EXCERPTED RECORDS:
# # # # #
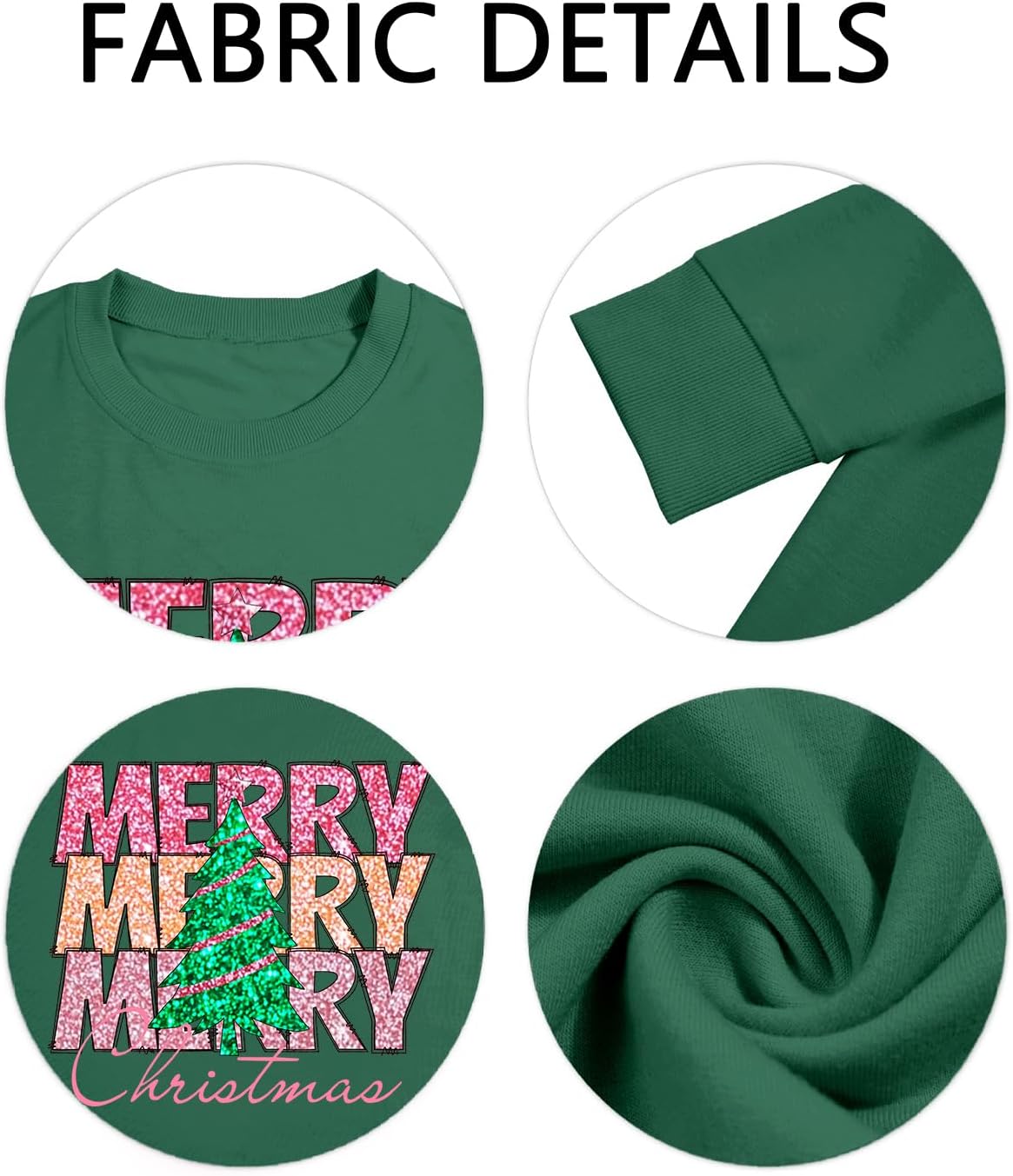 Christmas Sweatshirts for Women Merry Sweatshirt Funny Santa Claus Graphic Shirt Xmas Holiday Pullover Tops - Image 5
# # # # #
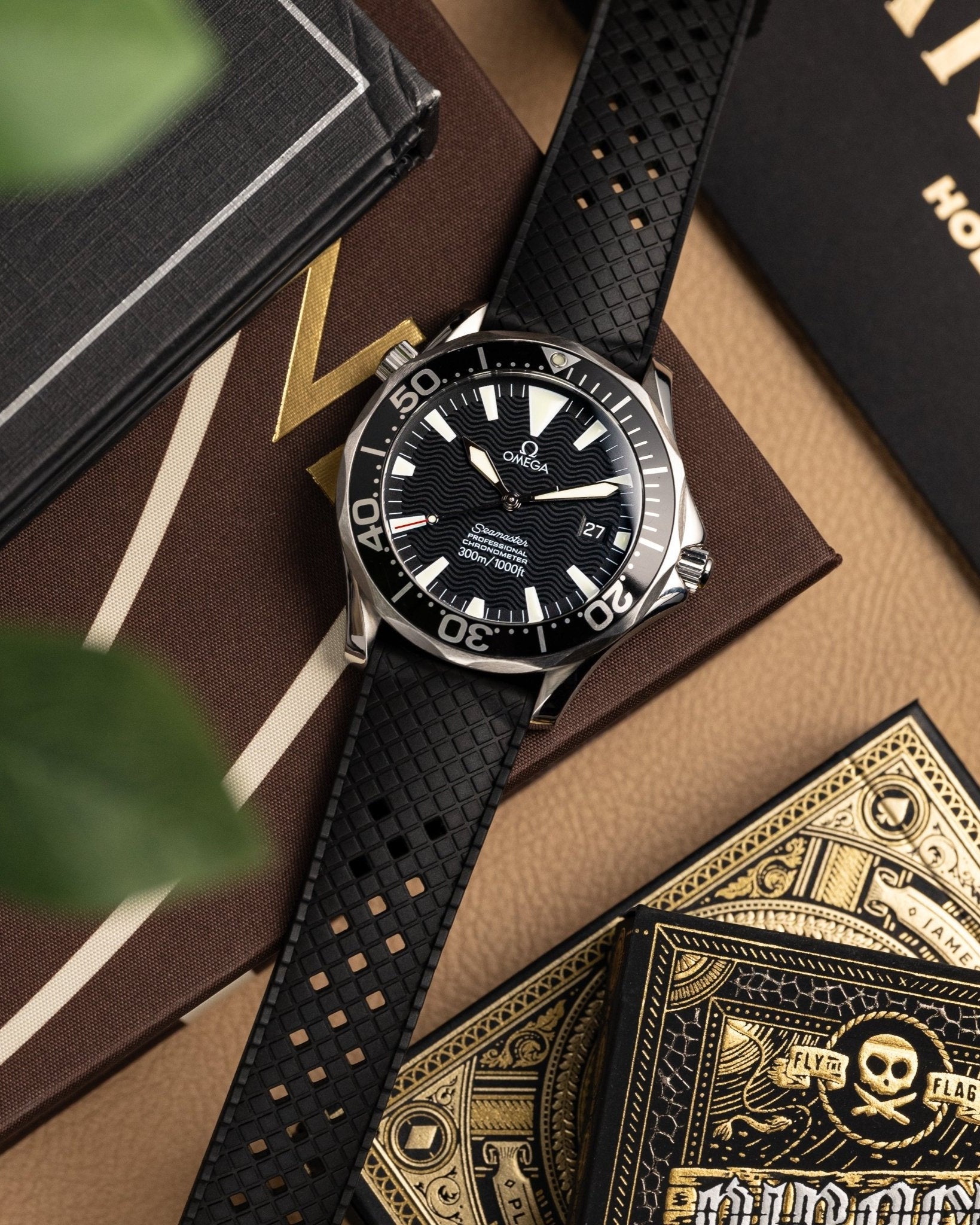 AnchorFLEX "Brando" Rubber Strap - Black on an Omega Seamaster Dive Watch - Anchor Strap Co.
# # # # #
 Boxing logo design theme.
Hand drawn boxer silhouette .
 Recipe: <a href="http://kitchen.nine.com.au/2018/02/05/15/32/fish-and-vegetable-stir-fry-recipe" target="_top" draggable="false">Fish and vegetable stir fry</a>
# # # # #
TASK BRIEF: Everything above from the line with "Boxing logo design theme." to the line with "vegetable stir fry</a>", both included, must be repeated exactly, and nothing outside that range.

WRITTEN ANSWER:
 Boxing logo design theme.
Hand drawn boxer silhouette .
 Recipe: <a href="http://kitchen.nine.com.au/2018/02/05/15/32/fish-and-vegetable-stir-fry-recipe" target="_top" draggable="false">Fish and vegetable stir fry</a>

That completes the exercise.